Occupy Colleges Press Release:
STUDENTS ONCE AGAIN SEVERELY INJURED BY POLICE
Occupy Colleges denounces police shooting and beating of students at UC Riverside and calls upon a national student mobilization in response
LOS ANGELES, CA (January 20, 2012) – Several University of California (UC) students were once again brutally and unnecessarily injured at yesterday’s peaceful demonstration at UC Riverside.
Close to 800 student activists gathered throughout the day outside the building where Regents board members were meeting behind closed doors to discuss further budgetary cuts and other matters. Police forces already forming a barrier to prevent student access into the building were joined by a legion of armed Sheriff Officers and more police back up toting what looked like guns in hand. They made their way through the hundreds of UC students in order to get to the front line, often pointing their guns or wielding batons in their face and shouting “move.”

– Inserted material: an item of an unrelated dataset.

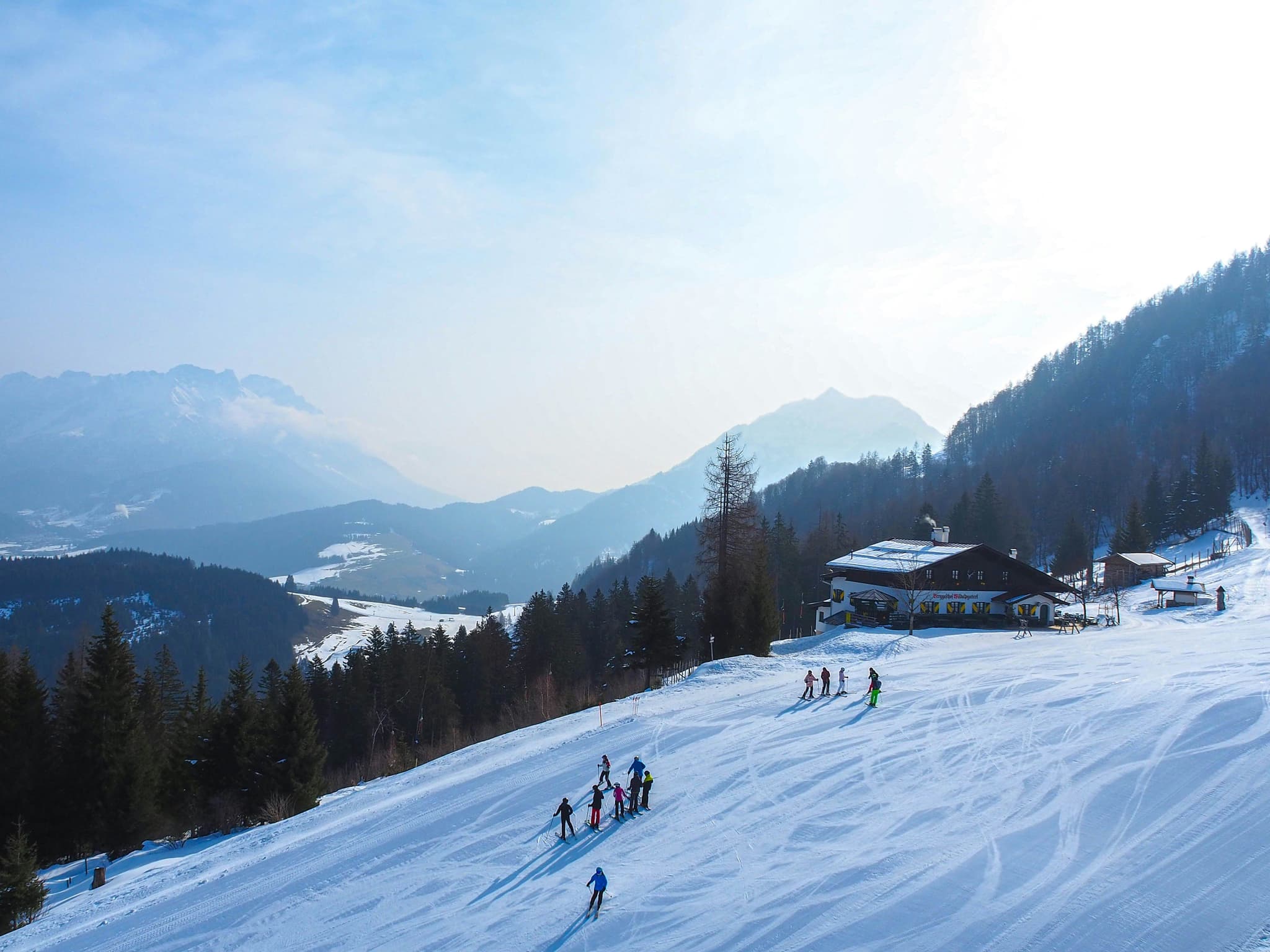 Snow covered mountain with skii people on a misty day in Austria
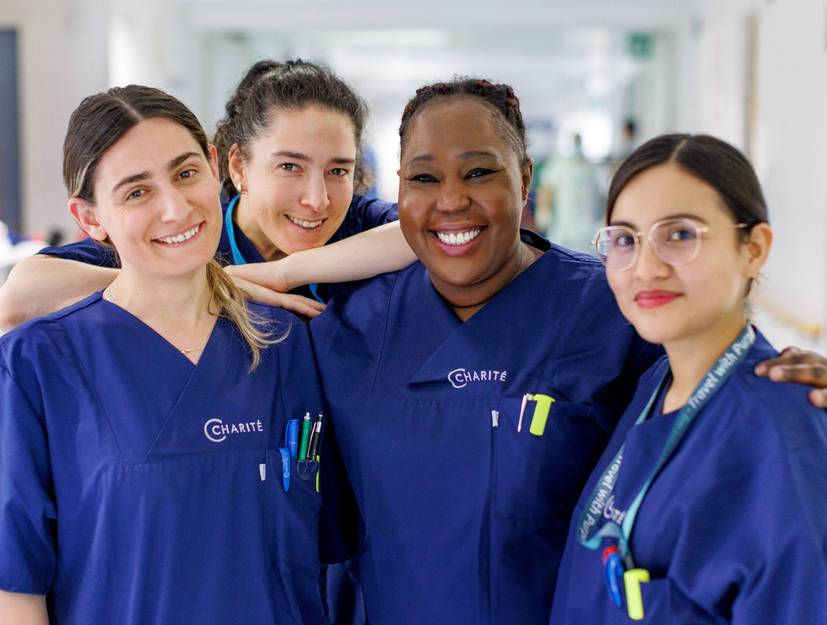 Vier Pflegerinnen, die auf einem Stationsflur stehen und freundlich in die Kamera lächeln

As the police and sheriff units finalized their formation at the front line of the protest, seemingly protecting the entrance to the building, they pushed students further back; however in this disorganized attempt to obtain more ground many students lost their footing and either fell or were pushed forward by the dense mob of students that stood or were sitting behind them. It is among this chaos and as students chanted “Peaceful Protest” that at least one student was pushed forward, seized by police and beaten. Almost simultaneously, officers on the front line began to shoot into the crowd of students less than 4 feet in front of them without warning. Several accounts describe the weapons police fired at students as “paint-pellet guns.” The officers continued to fire even as the students struggled to move away, in effect using the bullets, which released paint upon impact, as a crowd control mechanisms.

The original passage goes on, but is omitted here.